自分自身の体験で、これでいいのかと思っていても、円滑に生活する中で感情を麻痺させている事がある。
それが本作では嗅覚の麻痺として表現されているように感じた。

主人公は海の匂いが好みで、それは過去に好意を抱いていた相手の匂いでもあったと思う。
ダンスの相手や盲目の彼に近ずいても鼻(嗅覚)によって、ここが落とし所ではないと示されてる様に思った。

実家の母親が主人公の部屋の家具にシーツを掛けている。そして、シーツに匂いがつかないように洗濯をする。

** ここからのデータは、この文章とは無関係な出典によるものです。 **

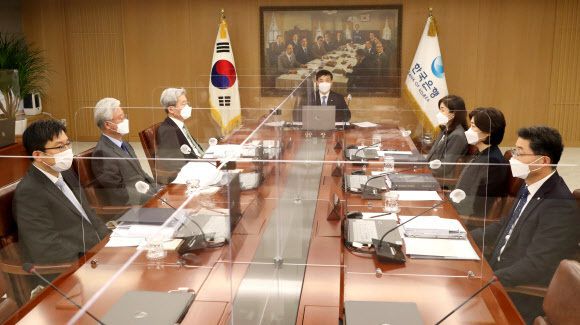 이주열 한국은행 총재가 2월 25일 오전 서울 중구 한국은행에서 열린 금융통화위원회 본회의를 주재하고 있는 모습. 한국은행 제공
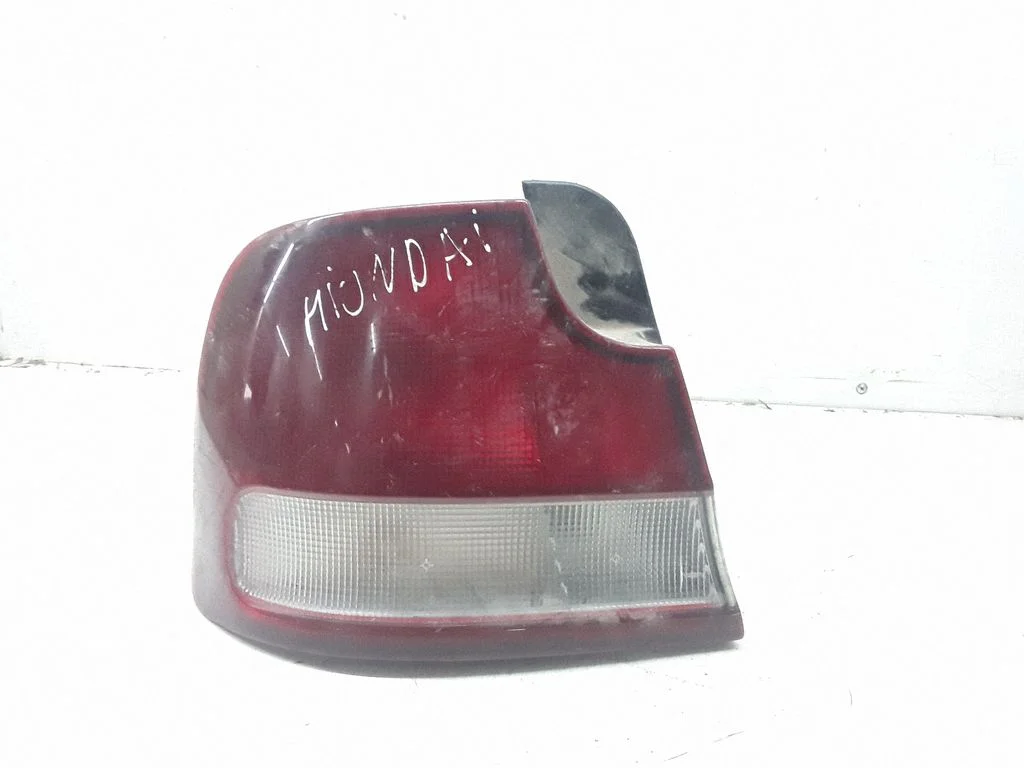 Aizmugurējais lukturis virsbūvē – Hyundai Lantra II (1995-2000)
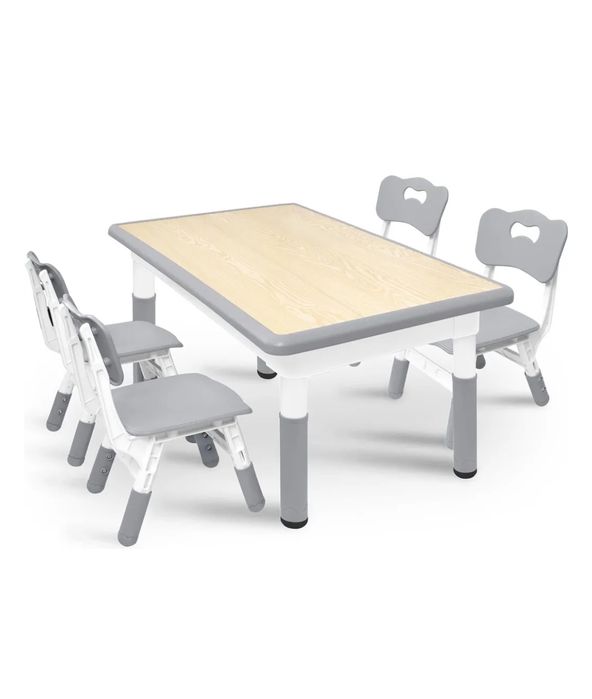 Stolik i krzesła komplet.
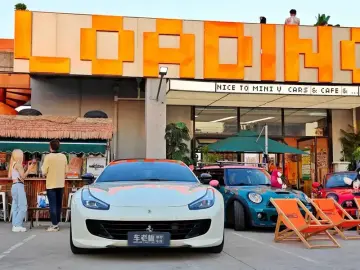 2017 Ferrari GTC4Lusso с пробегом 20 000 км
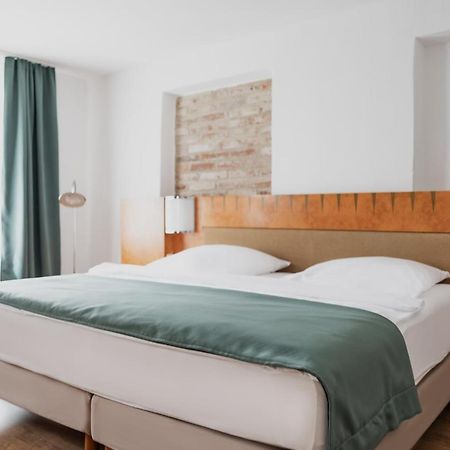 Hotel Cristallo Ландсхут Экстерьер фото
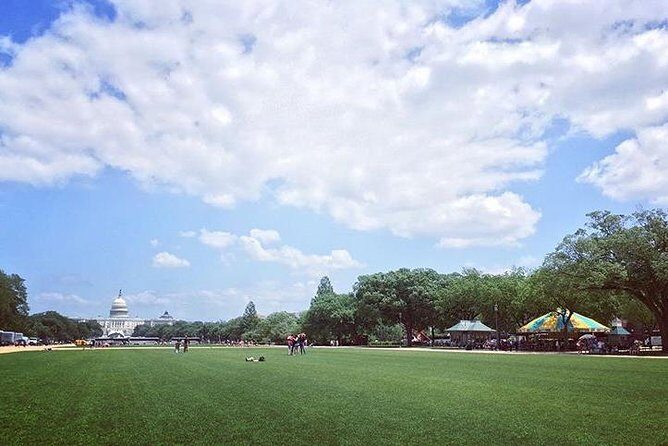 Castle to Capitol: Museums of the National Mall Architecture Tour - The guide makes or breaks the architecture reading
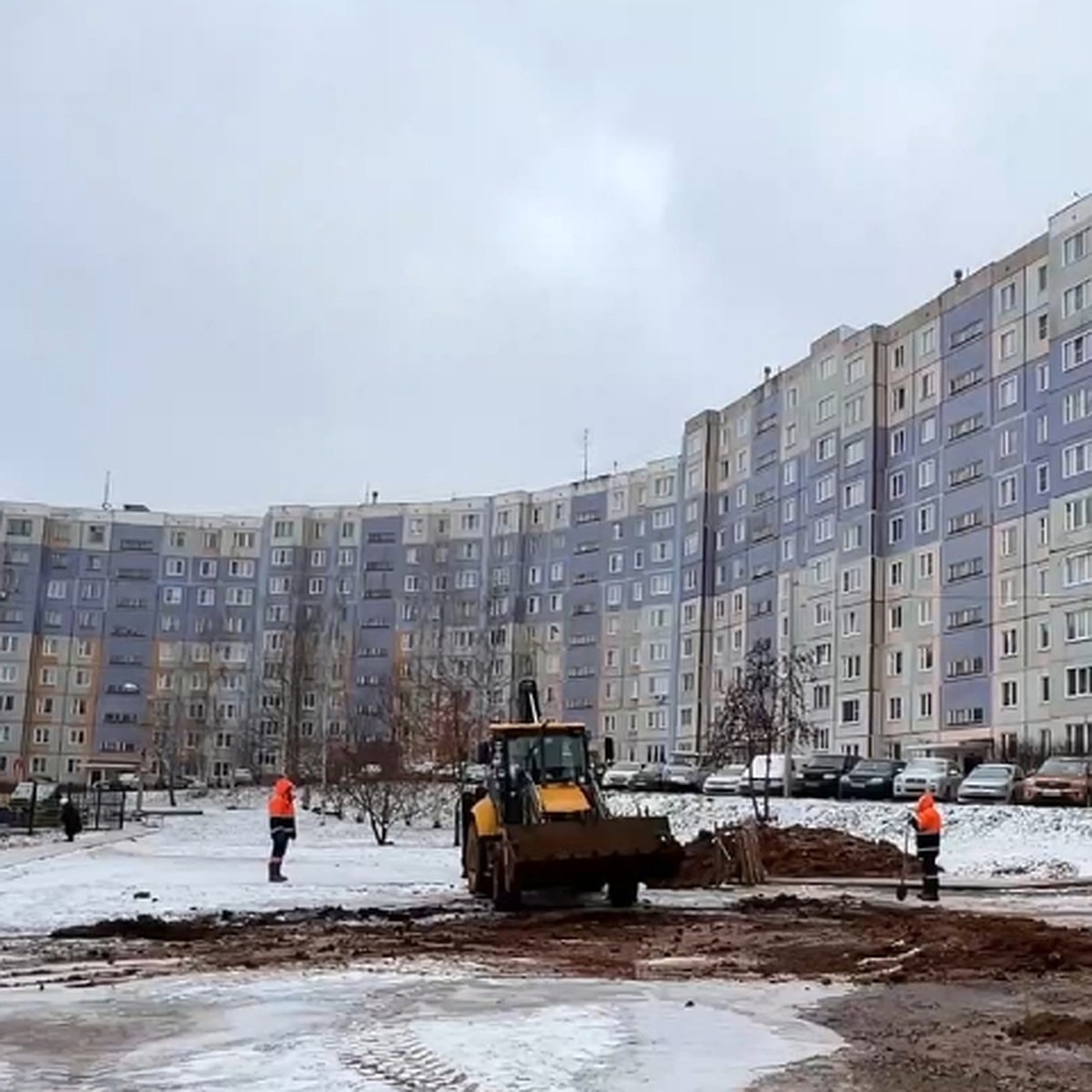 В Кирове устраняют утечку на Московской: четыре дома остались без воды -  KP.RU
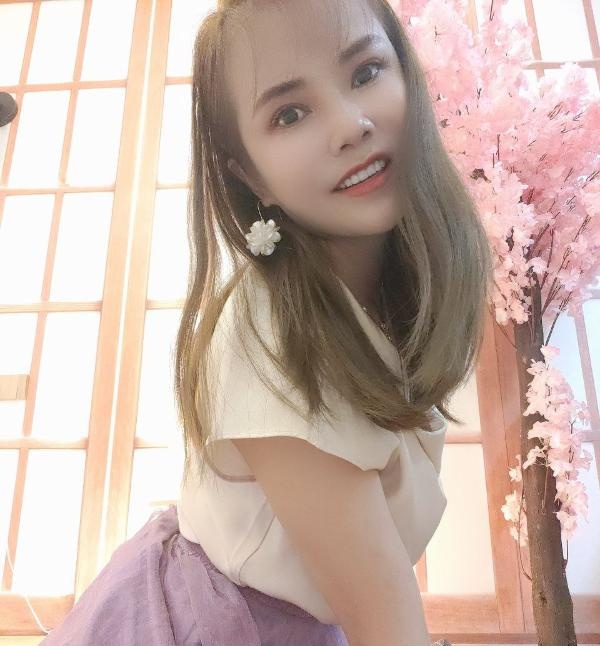 后入翘臀风骚老师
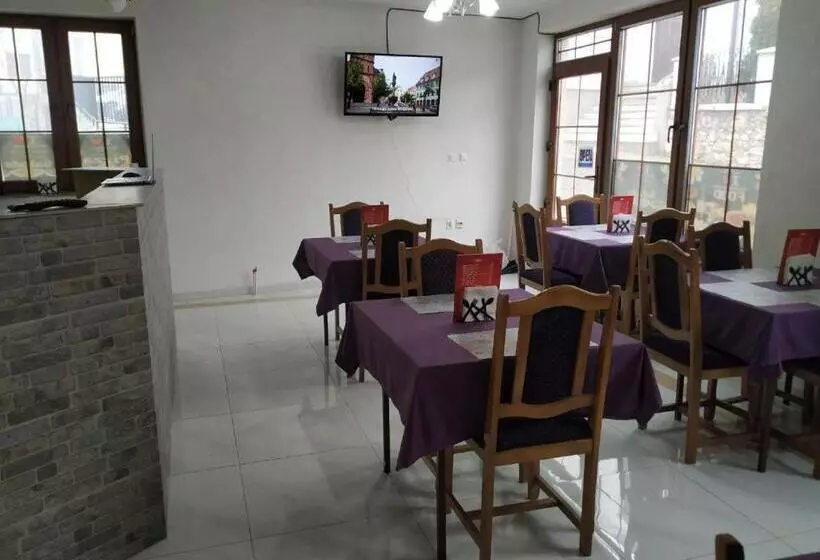 Hostel Ora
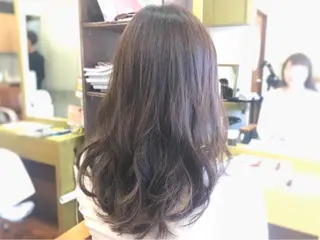 ロング カラー ツイスパ・波巻き 🩵片平和香奈のヘアスタイル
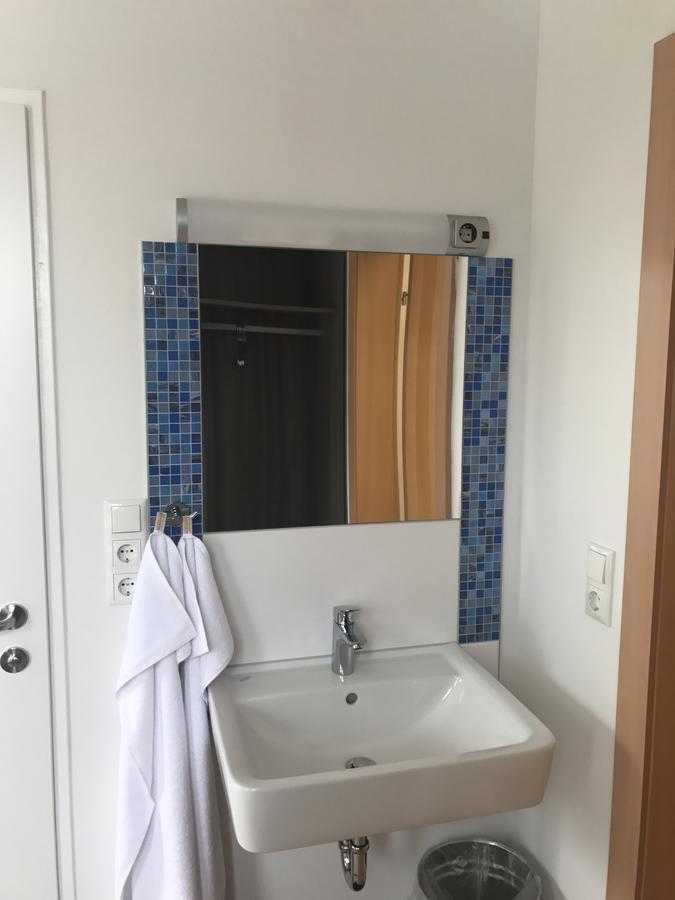 Montagehotel Bed & Steel Линц Екстериор снимка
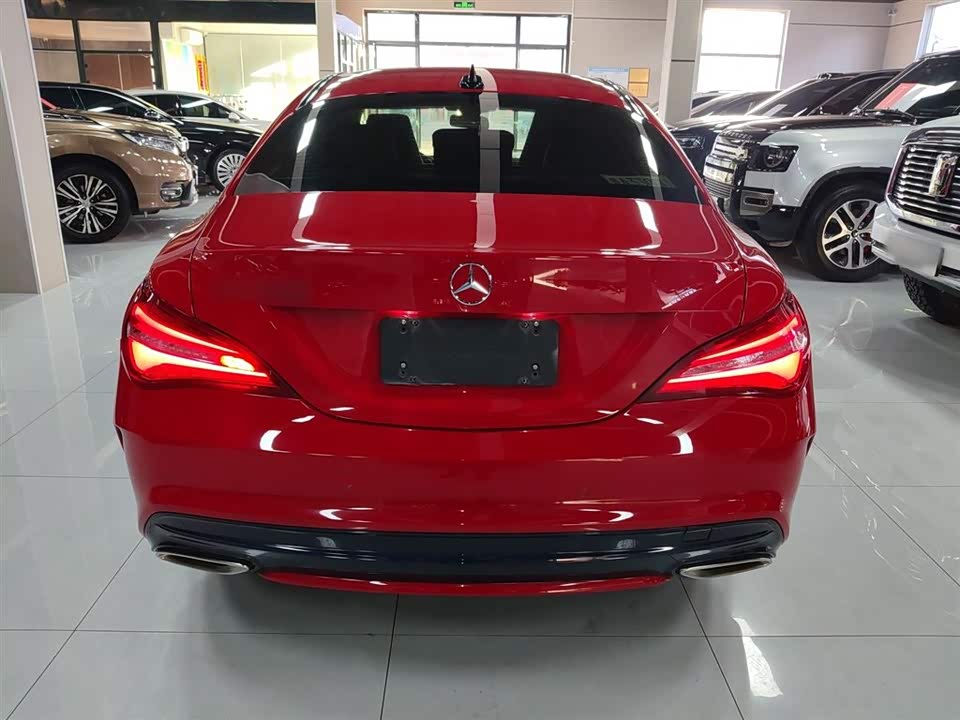 Mercedes-Benz CLA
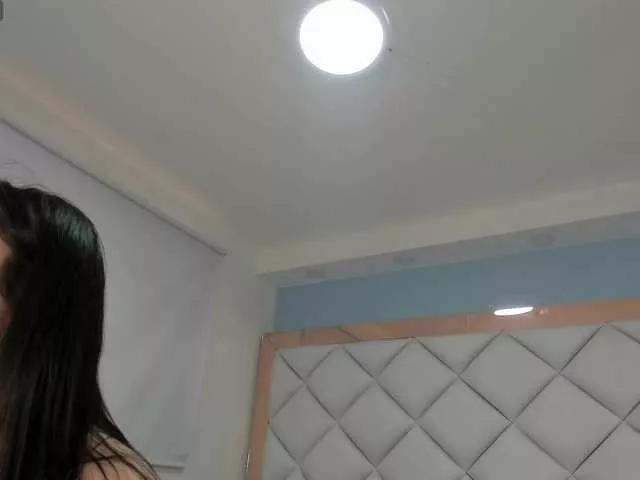 Offline carlawoods on BongaCams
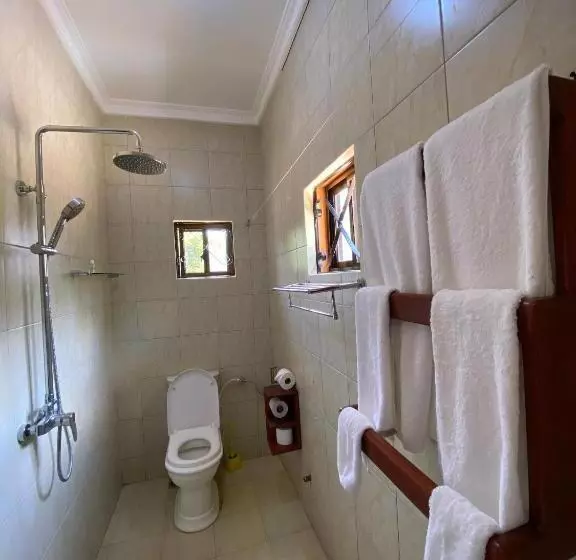 هتل Helens Luxury Resort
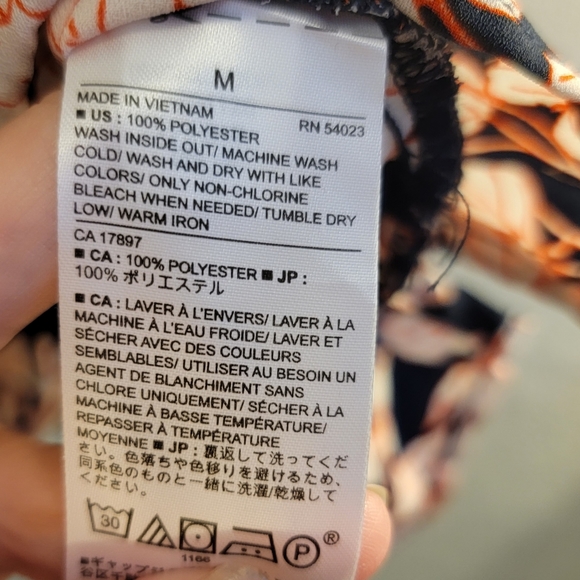 Banana Republic navy floral 3/4 sleeve semi sheer blouse - Picture 4 of 9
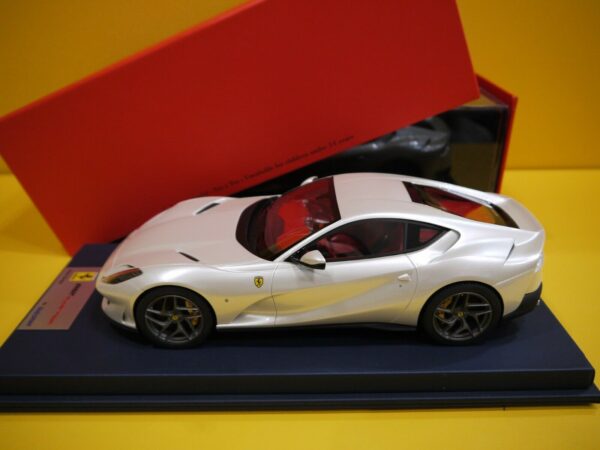 Look Smart LS18_014C – Ferrari 812 Superfast 2017 Bianco Italia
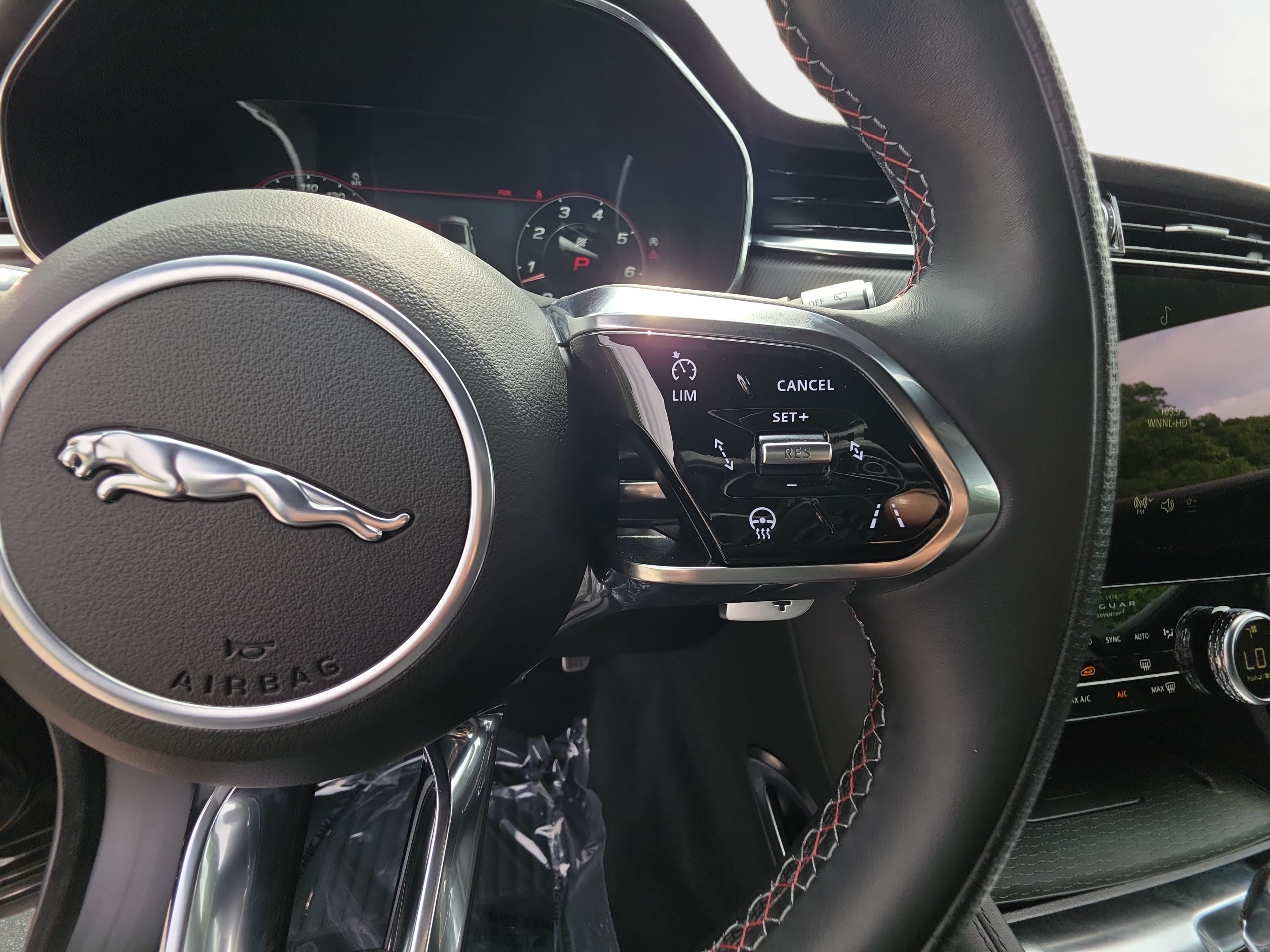 Certified 2022 Jaguar F-PACE SVR AWD/4WD image 18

主人公が若い頃にフィギュアスケートを楽しんでいた事や、母親の言いつけで生きづらかった事。それが原因で人生の凝りができた事。
その頃には整理がつかずシーツの様に隠していた事と向き合う物語だと思った。

主人公は身体の感覚を研ぎ澄ます事で、自分と向き合っていたと思った。
匂いを嗅ぐのもそうやし、読み聞かせによる自分への問いかけを無意識に行い、目を閉じて聴覚を研ぎ澄まし、踊る事も感覚的に主人公自身の問題を見つめていたと思う。

何よりこの向き合い方がとても理性的で大人な女性という印象を受けた。
社会的自立ができている様にみえて、様々な人とのコミュニケーションも落ち着いてとれていて魅力的だった。

でも、監督と共同脚本の方のお話をきいて、人の歴史では女性が抑圧されてきた方が圧倒的に多いので、女性は感情を抑え、どうしても理性的になるしか無かったのかもと思った。

無言の失踪も女性の立場を象徴しているのかも。